EL QUE ESPERA DESESPERA SIN RAZÓN

     A veces creo que nada ocurre por casualidad. Bueno, a veces no, casi siempre pienso eso. Podría decir incluso que estoy casi segura de que todo sucede por algo y para algo, incluyendo lo que se nos desmorona, fracasa, no sale, se tuerce y hasta nos destroza... Hay una razón. Pero aunque sepa esto, eso no me ha librado en mi vida del sentimiento de frustración o impaciencia por las cosas no logradas o cuya llegada parecía retrasarse. Nos decimos que la vida es una constante espera. Y sí. Y al tiempo no. Porque esperando lo.que sea que aguardemos, solemos muy erradamente privarnos de vivir. Y no sé si se trata de una actitud fruto de la sociedad en la que vivimos y del circo que hemos montado, pero incluso cuando es cierto que hay que darle tiempo a ciertos asuntos, el modo en el que lo hacemos no es correcto en absoluto. ¿Por qué? Muy sencillo. Esperar no supone quedarse parado al borde del camino, ni en pausa. Esperar significa, creo, saber que no es nuestro momento para vivir determinados acontecimientos, pero no por eso hemos de quedarnos sentados en una silla hasta que se dé ese supuesto. Es más, creo también, que resulta de imperiosa necesidad continuar dando vida a los días para, precisamente, precipitar y provocar que todo se mueva. Y así, de ese modo, con el devenir de los acontecimientos es como llegaremos a toparnos de bruces con lo tan esperado para que, ahora ya más vividos, saber si nos quedamos con ello o lo dejamos pasar. Tras una espera no somos los mismos. Tras una espera activa, quiero decir, ya que el cúmulo de sucesos experimentados y de emociones sentidas nos han cambiado. Con suerte, a mejor. 
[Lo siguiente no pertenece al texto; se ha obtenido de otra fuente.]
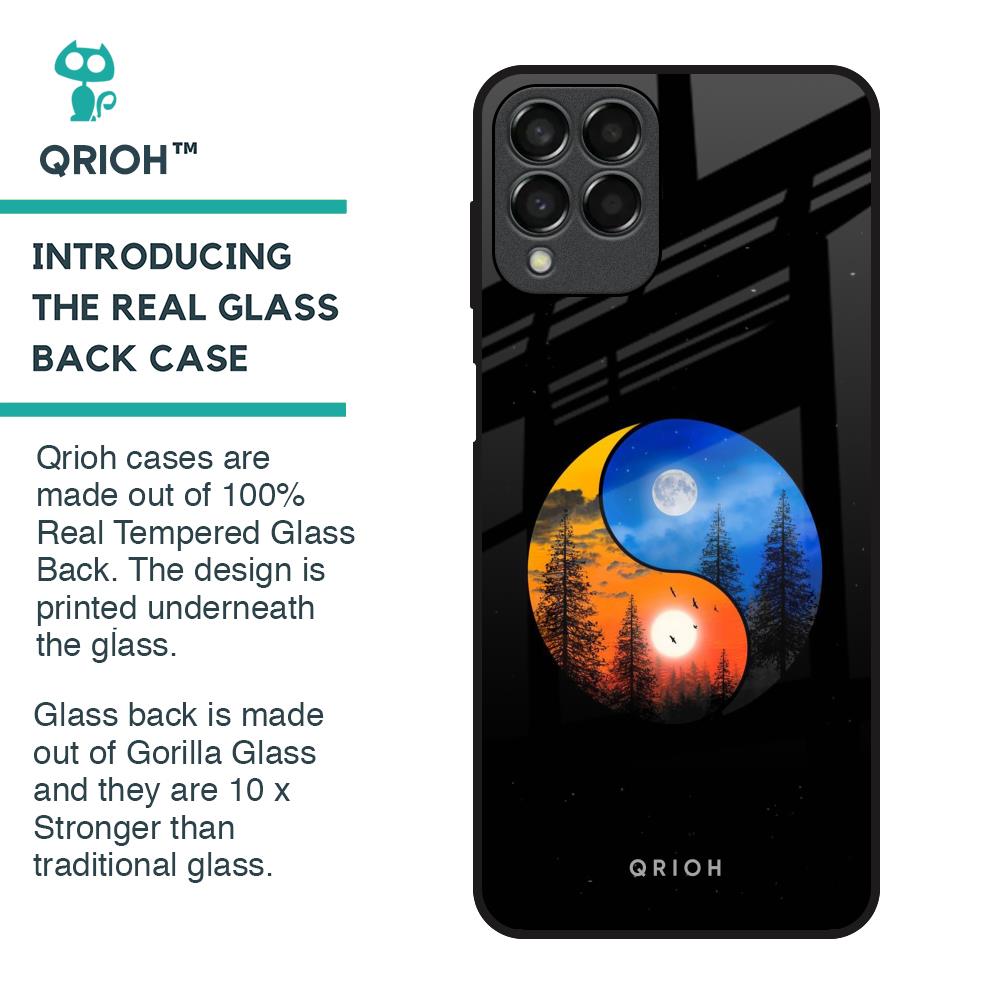 Yin Yang Balance Glass Case for Samsung Galaxy M33 5G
   Hoy por hoy, a mi edad, creo que es este el principio más importante que he de interiorizar, sabedora como soy de que no es en absoluto sencillo. Es ahora cuando me lo planteo y ahora cuando necesito imperiosamente bebérmelo de un trago para entender, para crecer, para no ser infeliz y para no frustrarme. Es un denominador común ese sentido de la espera por lo que haya de llegar. En mi caso es un sentir muy marcado desde que era muy joven, porque por circunstancias muy concretas tuve que armarme de paciencia y esperar algo más que el resto. Esperar por estudios, por trabajo, por vida sentimental, por independencia, por vivienda, por estabilidad, por amor, por ser madre,... Y hubo mucho de eso que nunca llegó. ¿La causa? Lo enfoqué mal, porque paré, o al menos ralenticé, la maquinaria en dicha espera. Y con ello esperé también por cuestiones que debí haber descartado. Fueran como fueran los acontecimientos, las cosas salieron así y hoy me obligo a encajar lo que supone y lo que no el concepto de espera vital.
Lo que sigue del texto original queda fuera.